Kes ce que c ?

Interview de Bertrand Rigaux

Bertrand Rigaux est en résidence sur notre territoire dans le cadre du CLEA. Que fait-il ? Quels sont ses talents artistiques ? Il répond à vos questions. 

 

Pouvez-vous vous présenter en quelques lignes ? 

J'ai bientôt une quarantaine d'années, et je me consacre depuis presque quinze ans maintenant au développement d'une production artistique. Voilà pour une rapide chronologie. J'ai auparavant étudié aux Beaux-Arts de Tarbes, puis de Marseille, avant d'aller à Tourcoing, pour intégrer pendant 2 ans l'école du Fresnoy, le studio national des arts contemporains. Ma présence ici est une sorte de retour dans une région familière.

Expliquez-nous votre art.

C’est la nature des choses qui m’intrigue, l’émotion que l’on ressent face au réel, quand cela ne va pas de soi. Pour évoquer cela, j'aime user de petites choses, de gestes simples, qui ont davantage trait à l’esprit qu’à l'œil. Durées, mesures, répétitions ou jeux de mots sont quelques uns des ressorts utilisés dans mes œuvres, qu'elles soient vidéos monochromes, écriture poétique, objets détournés, ou encore concert.

Quel est votre œuvre la plus célèbre ?

Difficile de répondre à cette question. Mais la plus ambitieuse d'un certain point de vue est une vidéo réalisée avec l'Observatoire de l'Espace, le laboratoire Arts/Sciences du Centre nationale d'Études Spatiales, intitulée « Un objet à l'infini de déclinaison ». Une caméra fixée à un ballon-sonde filme une montée à travers le ciel. À 35 kilomètres d’altitude, le ballon éclate en raison de la pression. La caméra chute. La vidéo en résultant est d’une durée d’environ 2 heures, absolument silencieuse et quasi-monochrome, on ne voit que les variations du bleu céleste à mesure de l'élévation dans les airs. 

Que pensez-vous du territoire Flandre Lys depuis votre arrivée ? 

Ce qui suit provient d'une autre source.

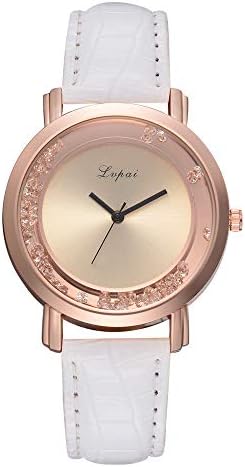 Women Quartz Watches,Fudule Rhinestone Wristwatch Analog Watches for Women with Leather Band Fashion Ladies Dress Watch Clearance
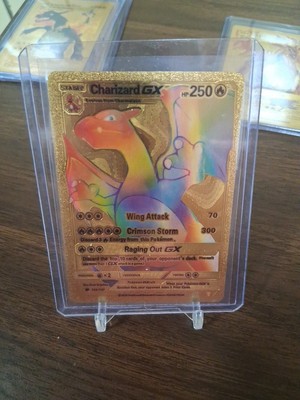 rare rainbow gold charizard gx card 150/147 Rare Rainbow Gold Charizard GX Card 150/147
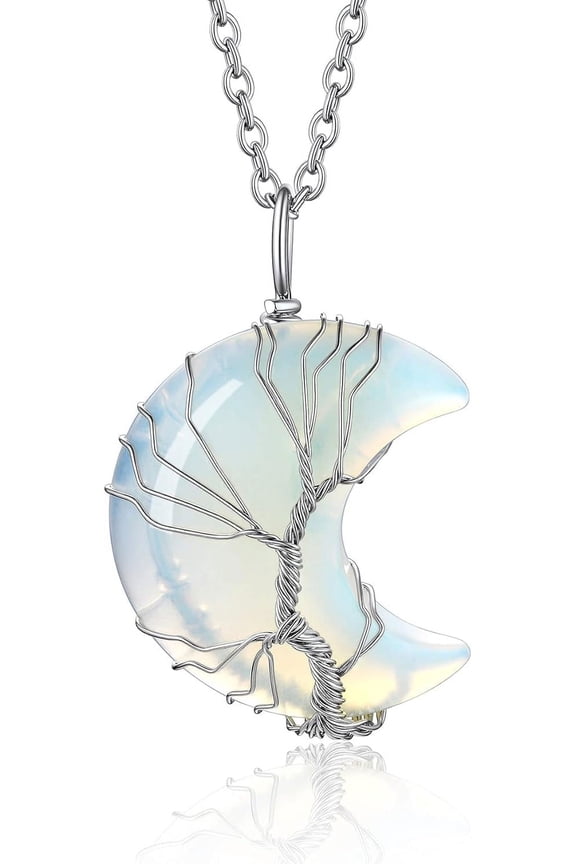 Tree of Life Wrapped Healing Crystal Necklaces 12 Month Birthstone Pendant for Women, Crescent/Heart Gemstone Jewelry, Vintage Birthday Gifts/Energy Gift[l2148]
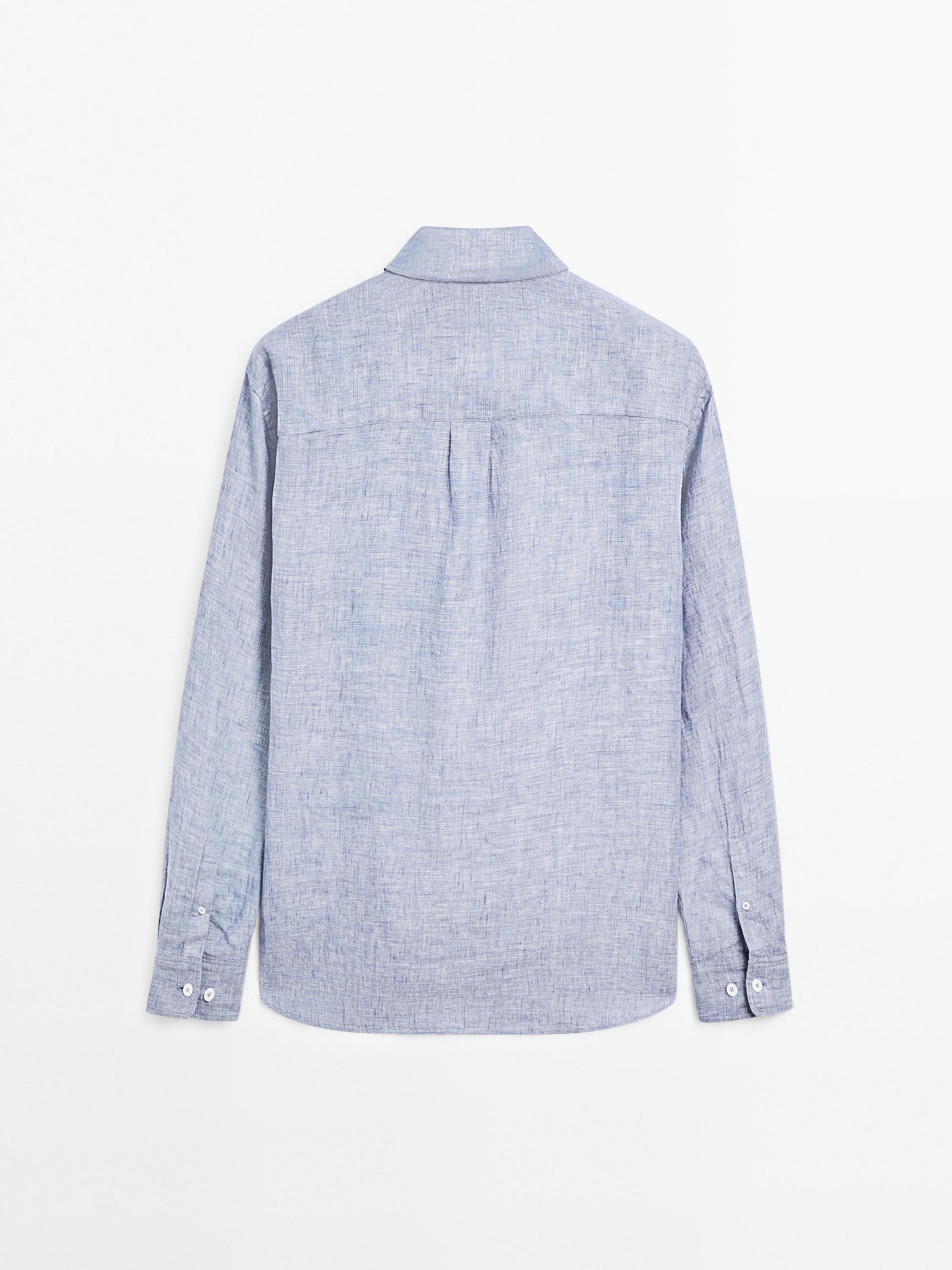 100% linen regular fit shirt Product Image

C'est un territoire particulier, avec un maillage dense, mi-ville, mi-campagne, c'est un vrai entre-deux, j'aime beaucoup les entre-deux. Mais j'essaie de ne pas trop le penser justement, je préfère simplement l'observer et le vivre, pour trouver ses modes de fonctionnement, et pouvoir m'y inscrire. C'est un temps de vie nécessaire pour comprendre, prendre avec soi.

Vous inspire-t-il ?

Les ciels sont parfois incroyables. C'est la première chose qui me vient à l'esprit, la qualité de la lumière ici est véritablement remarquable. De même, le bâti industriel du siècle précédent est un très beau patrimoine architectural

Quels sont vos objectifs pour ce CLEA ?

Amener des rencontres fructueuses. Découvrir sous un autre jour son environnement proche. Pouvoir faire comprendre, à travers toute une série d'actions et de gestes, que l'art peut se rencontrer où l'on ne s'y attend pas, pour peu qu'on y prête attention. En fait, qu'il s'agit davantage d'une disposition d'esprit. Je pense que c'est véritablement important.  Et cela peut concerner chacun, du plus jeune au plus âgé, il n'y a pas de hiérarchie.

Quelles actions allez-vous mettre en place et pour quels publics ? 

Les actions vont être pour la plupart orientées autour du langage. Faire circuler la parole sur l'ensemble du territoire. Depuis le babil des tout-petits, une petite mise en miroir du pré-langage, aux souvenirs des ainés, avec la mémoire des noms, des lieux-dits, que je souhaite recueillir afin de construire une cartographie subjective du territoire et de ses appellations. En passant aussi bien sûr par les enfants avec des réalisations autour de la poésie sonore, autour du monde qui les entoure, en prenant par exemple pour appui les jeux de mots, les expressions imagées... C'est une façon de relier les personnes et les choses entre elles par l'écoulement de la parole, comme peut le faire la Lys à travers les différentes communes du territoire... Il y aura aussi une ou des soirées d'exposition-rencontre, ouvertes à qui veut, vous en saurez plus très bientôt.

Où pouvons-nous vous retrouver après votre résidence ? (exposition, etc)

Vous pourrez me voir cet été en Bretagne, à l'occasion de l'Art dans les Chapelles, une manifestation annuelle qui se déroule dans les alentours de Pontivy. Également un peu avant à Paris, dans le courant du mois de mai, lors d'une exposition avec la Galerie Gounod, qui me représente.